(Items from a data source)
# # #
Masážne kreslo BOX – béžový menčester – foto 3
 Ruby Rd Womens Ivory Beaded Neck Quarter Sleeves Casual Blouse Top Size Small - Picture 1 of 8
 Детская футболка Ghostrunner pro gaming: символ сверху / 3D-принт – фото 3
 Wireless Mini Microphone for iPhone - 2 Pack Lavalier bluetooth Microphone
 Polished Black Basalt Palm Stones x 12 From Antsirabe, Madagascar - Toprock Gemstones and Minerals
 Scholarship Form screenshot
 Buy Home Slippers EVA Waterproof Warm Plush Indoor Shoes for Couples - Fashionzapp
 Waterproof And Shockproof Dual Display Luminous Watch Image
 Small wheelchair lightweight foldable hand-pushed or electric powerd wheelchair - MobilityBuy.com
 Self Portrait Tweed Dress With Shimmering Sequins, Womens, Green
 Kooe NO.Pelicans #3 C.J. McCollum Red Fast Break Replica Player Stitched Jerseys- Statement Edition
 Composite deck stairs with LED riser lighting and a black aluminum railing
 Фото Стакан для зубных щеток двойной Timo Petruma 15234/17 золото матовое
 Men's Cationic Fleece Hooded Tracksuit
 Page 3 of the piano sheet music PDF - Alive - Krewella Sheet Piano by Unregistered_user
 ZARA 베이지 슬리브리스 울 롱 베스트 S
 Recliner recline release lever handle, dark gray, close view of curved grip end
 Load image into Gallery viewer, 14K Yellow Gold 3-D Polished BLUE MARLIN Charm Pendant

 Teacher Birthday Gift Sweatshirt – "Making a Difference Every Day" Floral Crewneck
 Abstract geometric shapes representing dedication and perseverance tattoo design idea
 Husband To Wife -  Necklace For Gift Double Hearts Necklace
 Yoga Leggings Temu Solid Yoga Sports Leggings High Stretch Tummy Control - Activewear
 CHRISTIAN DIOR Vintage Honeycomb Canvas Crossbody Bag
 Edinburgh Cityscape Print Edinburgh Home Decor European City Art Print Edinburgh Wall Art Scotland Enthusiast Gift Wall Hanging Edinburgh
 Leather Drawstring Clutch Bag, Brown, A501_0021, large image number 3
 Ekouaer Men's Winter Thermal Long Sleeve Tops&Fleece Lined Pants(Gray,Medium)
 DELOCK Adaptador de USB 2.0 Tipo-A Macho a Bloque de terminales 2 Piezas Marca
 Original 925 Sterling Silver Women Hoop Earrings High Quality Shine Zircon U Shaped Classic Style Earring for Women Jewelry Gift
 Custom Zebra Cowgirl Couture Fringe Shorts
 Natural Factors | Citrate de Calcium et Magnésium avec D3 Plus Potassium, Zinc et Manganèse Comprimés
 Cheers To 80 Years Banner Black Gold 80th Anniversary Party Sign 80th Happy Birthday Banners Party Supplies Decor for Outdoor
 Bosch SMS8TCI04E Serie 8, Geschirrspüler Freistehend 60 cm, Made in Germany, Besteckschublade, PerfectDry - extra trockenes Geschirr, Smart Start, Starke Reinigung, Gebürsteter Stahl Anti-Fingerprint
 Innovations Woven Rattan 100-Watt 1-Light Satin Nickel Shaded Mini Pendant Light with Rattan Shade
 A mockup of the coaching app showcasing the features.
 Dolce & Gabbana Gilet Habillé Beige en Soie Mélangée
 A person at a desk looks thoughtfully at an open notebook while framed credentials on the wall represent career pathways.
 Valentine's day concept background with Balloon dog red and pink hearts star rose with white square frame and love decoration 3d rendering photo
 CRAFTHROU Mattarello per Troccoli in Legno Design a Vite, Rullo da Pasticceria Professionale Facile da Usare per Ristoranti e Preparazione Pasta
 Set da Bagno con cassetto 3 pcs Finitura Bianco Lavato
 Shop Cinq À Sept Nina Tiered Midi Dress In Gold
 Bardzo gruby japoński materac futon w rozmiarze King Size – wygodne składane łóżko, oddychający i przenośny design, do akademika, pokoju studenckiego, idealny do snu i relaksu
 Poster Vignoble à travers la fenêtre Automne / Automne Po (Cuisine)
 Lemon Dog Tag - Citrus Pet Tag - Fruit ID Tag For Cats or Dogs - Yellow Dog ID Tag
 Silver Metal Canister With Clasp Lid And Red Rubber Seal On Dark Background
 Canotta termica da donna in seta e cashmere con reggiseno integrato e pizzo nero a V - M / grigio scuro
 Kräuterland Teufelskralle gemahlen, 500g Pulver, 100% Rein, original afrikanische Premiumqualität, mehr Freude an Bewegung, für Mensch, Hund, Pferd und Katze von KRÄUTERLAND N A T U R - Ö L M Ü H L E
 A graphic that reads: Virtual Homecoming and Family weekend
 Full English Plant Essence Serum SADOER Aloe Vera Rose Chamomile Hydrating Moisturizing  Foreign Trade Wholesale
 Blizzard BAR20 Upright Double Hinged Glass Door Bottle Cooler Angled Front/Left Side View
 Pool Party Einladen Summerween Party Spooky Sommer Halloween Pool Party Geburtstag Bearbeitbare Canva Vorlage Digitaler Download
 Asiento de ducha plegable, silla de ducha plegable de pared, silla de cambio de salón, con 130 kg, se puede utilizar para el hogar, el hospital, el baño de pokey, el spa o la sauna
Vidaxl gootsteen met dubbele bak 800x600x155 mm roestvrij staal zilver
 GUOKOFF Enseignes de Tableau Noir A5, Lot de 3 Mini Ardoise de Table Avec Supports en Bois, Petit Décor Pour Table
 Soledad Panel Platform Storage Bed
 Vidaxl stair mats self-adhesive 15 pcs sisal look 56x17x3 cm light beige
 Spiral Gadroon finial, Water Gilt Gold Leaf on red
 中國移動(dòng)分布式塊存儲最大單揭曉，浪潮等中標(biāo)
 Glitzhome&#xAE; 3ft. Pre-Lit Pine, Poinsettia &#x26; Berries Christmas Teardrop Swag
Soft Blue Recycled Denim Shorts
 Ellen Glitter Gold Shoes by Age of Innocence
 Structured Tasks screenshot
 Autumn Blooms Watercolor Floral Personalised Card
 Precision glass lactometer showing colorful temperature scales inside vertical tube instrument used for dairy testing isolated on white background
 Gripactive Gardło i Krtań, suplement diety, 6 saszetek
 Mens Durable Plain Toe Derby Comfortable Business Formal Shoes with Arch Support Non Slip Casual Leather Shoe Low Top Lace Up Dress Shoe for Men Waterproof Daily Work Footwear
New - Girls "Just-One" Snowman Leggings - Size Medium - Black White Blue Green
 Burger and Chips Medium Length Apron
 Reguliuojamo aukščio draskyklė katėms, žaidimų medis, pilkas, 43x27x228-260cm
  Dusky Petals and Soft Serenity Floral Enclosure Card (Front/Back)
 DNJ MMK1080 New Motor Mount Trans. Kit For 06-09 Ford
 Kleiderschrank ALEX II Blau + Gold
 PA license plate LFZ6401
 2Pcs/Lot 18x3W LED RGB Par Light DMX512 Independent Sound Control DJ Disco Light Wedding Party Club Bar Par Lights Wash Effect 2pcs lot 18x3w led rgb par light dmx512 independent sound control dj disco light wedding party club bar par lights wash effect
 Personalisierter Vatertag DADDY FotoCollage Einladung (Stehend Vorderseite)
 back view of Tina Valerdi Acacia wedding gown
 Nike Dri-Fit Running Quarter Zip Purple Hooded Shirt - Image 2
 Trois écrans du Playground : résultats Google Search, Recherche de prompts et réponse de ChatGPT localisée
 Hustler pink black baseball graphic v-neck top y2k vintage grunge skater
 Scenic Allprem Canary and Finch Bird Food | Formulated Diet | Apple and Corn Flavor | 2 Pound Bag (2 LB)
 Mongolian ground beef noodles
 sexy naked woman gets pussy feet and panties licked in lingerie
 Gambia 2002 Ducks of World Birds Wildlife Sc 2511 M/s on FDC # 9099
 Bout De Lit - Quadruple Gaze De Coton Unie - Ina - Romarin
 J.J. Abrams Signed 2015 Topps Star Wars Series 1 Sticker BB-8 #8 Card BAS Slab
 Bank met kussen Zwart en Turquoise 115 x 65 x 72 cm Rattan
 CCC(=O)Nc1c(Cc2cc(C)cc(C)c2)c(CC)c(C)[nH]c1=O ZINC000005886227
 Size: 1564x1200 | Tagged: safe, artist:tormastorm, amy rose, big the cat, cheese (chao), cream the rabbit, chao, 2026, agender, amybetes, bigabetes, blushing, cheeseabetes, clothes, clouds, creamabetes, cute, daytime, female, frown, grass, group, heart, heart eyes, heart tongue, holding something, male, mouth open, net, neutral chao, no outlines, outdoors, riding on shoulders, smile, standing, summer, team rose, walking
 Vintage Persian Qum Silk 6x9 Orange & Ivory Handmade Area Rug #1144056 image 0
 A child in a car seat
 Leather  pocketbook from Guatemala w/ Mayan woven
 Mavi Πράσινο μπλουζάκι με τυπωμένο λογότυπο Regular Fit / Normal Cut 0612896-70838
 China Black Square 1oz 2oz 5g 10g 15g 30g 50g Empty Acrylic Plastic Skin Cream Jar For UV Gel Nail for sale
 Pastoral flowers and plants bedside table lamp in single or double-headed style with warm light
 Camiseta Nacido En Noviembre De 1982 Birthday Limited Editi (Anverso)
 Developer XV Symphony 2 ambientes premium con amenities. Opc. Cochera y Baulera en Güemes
# # #
* INSTRUCTIONS FOR THE TASK: Copy out the lines above exactly, beginning at the one that contains "Set da Bagno" and ending at the one that contains "Bardzo gruby japoński".

* RESPONSE AREA:
 Set da Bagno con cassetto 3 pcs Finitura Bianco Lavato
 Shop Cinq À Sept Nina Tiered Midi Dress In Gold
 Bardzo gruby japoński materac futon w rozmiarze King Size – wygodne składane łóżko, oddychający i przenośny design, do akademika, pokoju studenckiego, idealny do snu i relaksu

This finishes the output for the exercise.